Meantime the world got to work on its preparations. The Czar, foreseeing the possibility that Andrée and his two companions might alight somewhere in upper Siberia, sent a communication by various agencies to the wild inhabitants of his farthest northern domains, explaining what a balloon was, who and what Andrée and his men were, and admonishing the natives to treat any such wayfarers with kindness and respect, aiding them in every way and sending them south as speedily as possible, the special guests of the imperial government and the great white father. In other northern countries similar precautions were taken, with the result that the news of Andrée and his expedition was circulated far up beyond the circle, among the Indians and adventurers of Alaska, the trappers and hunters of Labrador and interior Canada, the Greenland Eskimos, and scores of other tribes and peoples.
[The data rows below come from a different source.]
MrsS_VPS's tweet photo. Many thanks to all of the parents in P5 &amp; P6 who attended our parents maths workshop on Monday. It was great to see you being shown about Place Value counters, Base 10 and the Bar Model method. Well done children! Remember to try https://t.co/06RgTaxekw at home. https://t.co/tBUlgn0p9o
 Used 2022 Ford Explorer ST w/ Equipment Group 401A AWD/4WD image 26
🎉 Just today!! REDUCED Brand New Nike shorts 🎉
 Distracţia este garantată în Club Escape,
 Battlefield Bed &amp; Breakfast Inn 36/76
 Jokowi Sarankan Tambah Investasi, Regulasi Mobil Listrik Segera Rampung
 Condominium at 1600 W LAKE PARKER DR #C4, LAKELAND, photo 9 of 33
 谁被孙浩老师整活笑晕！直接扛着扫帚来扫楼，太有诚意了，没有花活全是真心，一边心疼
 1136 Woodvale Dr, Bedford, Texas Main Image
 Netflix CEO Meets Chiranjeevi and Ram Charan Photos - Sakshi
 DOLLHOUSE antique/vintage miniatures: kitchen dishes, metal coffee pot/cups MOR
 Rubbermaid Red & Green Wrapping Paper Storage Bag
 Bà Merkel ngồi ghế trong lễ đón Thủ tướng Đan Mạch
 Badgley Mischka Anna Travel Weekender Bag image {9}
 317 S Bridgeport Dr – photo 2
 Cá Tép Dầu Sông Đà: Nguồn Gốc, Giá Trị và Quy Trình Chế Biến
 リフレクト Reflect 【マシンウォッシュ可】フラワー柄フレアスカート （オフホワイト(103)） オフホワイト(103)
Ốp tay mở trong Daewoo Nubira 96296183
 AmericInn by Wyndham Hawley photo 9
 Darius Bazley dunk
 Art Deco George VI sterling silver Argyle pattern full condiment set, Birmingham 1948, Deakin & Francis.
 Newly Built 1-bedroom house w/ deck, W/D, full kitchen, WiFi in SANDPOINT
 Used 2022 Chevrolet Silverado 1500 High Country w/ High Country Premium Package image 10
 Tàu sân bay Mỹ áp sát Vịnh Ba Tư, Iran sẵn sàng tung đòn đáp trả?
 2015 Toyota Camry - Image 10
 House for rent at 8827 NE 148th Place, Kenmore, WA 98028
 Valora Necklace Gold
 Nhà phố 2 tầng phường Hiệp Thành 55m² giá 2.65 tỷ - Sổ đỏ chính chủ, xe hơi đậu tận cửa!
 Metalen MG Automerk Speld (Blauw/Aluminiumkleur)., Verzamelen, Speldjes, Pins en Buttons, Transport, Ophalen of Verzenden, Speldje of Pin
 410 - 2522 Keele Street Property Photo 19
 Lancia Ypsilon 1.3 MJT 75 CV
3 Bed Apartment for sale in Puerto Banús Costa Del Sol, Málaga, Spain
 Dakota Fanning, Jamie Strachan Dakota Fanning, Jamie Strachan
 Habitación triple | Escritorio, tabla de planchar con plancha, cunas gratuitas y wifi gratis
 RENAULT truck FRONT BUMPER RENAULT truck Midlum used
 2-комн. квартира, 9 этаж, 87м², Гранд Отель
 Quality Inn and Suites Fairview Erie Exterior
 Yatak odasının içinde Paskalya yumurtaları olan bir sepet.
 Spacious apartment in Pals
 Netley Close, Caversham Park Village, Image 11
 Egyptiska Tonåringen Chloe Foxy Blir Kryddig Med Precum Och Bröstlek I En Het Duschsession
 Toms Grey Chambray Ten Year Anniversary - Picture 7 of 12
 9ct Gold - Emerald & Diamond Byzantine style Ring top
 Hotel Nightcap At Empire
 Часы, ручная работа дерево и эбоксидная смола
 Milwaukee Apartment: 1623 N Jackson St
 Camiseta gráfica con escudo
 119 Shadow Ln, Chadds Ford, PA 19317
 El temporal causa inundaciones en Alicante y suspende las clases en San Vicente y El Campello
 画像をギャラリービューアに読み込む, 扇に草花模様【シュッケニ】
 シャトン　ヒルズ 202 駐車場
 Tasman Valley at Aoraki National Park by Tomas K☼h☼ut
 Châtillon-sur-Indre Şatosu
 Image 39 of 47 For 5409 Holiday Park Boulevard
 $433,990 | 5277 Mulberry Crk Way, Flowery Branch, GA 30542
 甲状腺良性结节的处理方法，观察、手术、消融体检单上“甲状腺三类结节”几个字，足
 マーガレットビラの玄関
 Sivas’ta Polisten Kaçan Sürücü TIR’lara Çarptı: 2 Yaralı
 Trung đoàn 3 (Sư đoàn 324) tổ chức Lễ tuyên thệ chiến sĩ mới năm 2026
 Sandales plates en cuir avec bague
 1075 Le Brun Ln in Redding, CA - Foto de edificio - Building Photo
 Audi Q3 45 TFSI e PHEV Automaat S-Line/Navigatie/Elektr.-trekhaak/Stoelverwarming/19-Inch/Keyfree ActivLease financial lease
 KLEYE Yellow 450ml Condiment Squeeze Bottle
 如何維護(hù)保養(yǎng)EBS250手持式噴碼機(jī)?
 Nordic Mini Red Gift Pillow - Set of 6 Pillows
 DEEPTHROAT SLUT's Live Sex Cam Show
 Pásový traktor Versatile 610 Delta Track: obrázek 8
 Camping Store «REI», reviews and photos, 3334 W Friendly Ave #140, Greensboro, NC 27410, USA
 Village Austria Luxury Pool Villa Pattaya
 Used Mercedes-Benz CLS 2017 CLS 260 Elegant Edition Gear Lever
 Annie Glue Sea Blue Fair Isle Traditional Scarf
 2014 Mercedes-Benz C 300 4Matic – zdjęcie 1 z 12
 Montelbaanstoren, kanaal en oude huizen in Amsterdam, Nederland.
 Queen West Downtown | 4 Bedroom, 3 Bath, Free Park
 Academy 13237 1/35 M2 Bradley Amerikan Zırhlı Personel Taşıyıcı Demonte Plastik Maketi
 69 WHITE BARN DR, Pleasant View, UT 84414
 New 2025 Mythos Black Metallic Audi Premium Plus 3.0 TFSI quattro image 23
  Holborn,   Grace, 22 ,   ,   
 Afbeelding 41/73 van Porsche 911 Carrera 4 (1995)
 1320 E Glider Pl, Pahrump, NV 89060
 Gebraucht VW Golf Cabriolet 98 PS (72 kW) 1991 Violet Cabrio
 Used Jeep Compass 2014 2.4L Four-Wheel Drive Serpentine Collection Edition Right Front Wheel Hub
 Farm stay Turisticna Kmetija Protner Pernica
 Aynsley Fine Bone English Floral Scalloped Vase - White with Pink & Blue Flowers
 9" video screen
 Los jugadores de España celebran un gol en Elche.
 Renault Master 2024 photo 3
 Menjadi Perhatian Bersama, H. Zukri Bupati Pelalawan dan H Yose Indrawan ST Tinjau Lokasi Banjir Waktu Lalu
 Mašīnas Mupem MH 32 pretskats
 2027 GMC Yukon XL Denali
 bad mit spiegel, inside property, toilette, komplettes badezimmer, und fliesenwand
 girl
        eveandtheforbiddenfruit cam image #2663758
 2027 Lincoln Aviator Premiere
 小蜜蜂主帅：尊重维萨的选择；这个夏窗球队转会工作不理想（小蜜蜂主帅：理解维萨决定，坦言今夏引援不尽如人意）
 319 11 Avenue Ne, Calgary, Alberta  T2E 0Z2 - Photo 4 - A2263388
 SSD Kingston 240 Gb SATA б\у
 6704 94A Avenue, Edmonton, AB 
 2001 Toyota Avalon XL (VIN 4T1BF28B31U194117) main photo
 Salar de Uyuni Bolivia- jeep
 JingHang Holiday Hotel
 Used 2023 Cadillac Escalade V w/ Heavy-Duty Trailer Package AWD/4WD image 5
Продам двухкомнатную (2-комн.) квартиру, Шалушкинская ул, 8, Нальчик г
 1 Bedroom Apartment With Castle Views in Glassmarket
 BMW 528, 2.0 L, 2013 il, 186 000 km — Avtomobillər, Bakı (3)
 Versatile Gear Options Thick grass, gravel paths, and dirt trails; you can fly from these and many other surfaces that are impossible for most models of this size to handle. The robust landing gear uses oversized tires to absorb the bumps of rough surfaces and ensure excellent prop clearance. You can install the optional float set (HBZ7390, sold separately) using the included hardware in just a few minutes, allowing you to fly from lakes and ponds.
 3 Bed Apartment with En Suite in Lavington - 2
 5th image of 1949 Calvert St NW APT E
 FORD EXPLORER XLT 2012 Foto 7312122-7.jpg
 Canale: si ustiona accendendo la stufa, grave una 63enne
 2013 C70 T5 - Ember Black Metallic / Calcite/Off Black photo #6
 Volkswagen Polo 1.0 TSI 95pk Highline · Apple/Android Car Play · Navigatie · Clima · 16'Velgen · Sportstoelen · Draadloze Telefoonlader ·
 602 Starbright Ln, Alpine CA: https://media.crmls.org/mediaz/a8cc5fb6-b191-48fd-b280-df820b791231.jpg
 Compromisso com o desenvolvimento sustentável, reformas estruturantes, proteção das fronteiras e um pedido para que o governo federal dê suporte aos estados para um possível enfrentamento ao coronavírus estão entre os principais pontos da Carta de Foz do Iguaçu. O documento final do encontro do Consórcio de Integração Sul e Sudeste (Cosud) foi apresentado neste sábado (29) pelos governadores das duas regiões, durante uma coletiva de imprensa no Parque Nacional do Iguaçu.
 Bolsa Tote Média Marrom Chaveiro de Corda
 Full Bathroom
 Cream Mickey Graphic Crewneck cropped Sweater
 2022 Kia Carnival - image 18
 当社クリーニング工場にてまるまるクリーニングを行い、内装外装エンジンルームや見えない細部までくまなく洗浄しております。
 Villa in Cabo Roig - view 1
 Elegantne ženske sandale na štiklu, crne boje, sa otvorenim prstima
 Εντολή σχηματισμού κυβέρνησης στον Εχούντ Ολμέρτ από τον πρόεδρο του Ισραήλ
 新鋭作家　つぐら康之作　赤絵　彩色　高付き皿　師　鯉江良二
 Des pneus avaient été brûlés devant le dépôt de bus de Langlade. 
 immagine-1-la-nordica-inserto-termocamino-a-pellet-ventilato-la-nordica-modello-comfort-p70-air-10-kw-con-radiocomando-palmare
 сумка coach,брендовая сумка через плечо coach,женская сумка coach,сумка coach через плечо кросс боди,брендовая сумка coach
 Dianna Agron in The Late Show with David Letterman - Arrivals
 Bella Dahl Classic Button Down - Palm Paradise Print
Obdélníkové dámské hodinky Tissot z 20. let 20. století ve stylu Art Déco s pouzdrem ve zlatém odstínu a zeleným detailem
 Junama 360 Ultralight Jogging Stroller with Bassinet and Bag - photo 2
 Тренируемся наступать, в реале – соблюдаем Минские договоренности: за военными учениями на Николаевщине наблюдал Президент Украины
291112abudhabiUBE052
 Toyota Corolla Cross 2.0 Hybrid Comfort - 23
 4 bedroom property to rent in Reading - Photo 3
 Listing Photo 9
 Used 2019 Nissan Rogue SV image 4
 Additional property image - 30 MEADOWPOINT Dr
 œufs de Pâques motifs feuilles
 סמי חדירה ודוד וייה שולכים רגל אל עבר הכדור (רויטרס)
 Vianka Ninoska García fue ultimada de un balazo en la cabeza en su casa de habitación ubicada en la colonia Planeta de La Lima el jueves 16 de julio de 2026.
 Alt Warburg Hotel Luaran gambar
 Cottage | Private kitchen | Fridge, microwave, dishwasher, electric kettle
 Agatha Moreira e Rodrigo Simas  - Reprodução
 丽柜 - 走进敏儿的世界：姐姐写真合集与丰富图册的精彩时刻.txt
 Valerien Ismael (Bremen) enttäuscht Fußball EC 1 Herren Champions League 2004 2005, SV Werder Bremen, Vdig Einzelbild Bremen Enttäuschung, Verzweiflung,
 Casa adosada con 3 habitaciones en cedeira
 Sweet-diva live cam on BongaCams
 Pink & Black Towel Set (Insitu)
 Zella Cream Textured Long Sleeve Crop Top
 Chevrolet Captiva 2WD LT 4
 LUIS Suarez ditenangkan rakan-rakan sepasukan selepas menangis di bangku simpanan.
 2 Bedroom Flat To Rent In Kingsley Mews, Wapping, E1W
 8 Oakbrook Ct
But the fall of 1897 passed without any further sign from Andrée, and 1898 died into its winter, with the pole voyagers still unreported. By this time there was a feeling of general uneasiness, but silvered among the optimistic with some shine of hope. It was strange that no further messages of any kind had been received. Another significant thing was that one of the copper-and-cork buoys had been picked up in the arctic current—empty. Still, it might have been dropped by accident, and it was yet possible that Andrée had reached a safe, if distant, anchorage somewhere, and he might turn up the following summer.
Alas, the open season of 1899 brought nothing except one or two more of the empty buoys, and the definite feeling of despair. Expeditions began to organize for the purpose of starting north in search of the balloonists, and Walter Wellman began talking of a pole flight in a dirigible balloon, but such projects were slow in getting under way, and the summer of 1900 came along with nothing accomplished.
On the thirty-first of August of this latter year, however, another, if not very satisfactory, bit of news was picked up. It was, once more, one of the buoys from the balloon. This time, to the delight of the finders, there was a message inclosed, which read, in translation:
“Buoy No. 4. The first to be thrown out. July 11, 10 P. M., Greenwich mean time.
“All well up to now. We are pursuing our course at an altitude of about two hundred and fifty meters. Direction at first northerly, ten degrees east; later northerly, forty-five degrees east. Four carrier pigeons were dispatched at 5.40 P.M. They flew westward. We are now above the ice, which is very cut up in all directions. Weather splendid. In excellent spirits.
“Andrée, Strindberg, Frankel.”
“Above the clouds, 7.45 Greenwich mean time.”
It will be noted at once that the body of this communication was written the night after the departure from Danes Island, and the postscript probably at seven forty-five o’clock the next morning, so that it must have been put overboard nearly thirty-nine hours before the single returning pigeon was released. No light of hope in such a communication.
The North was by this time resonant with rumors and fables. Almost every traveler who came down from the boreal regions brought some fancy or report, sometimes supporting the product of his or another’s imagination with scraps of what purported to be evidence. A prospector came down from the upper Alaskan gold claims with a bit of tarred and oiled cloth which had been given him by the chief of some remote Indian tribe. Was it not a part of the covering of the Andrée balloon? For a time there was a thrill of credulity. Then the thing turned out to be hide, instead of varnished silk, and so the tale came to an evil end.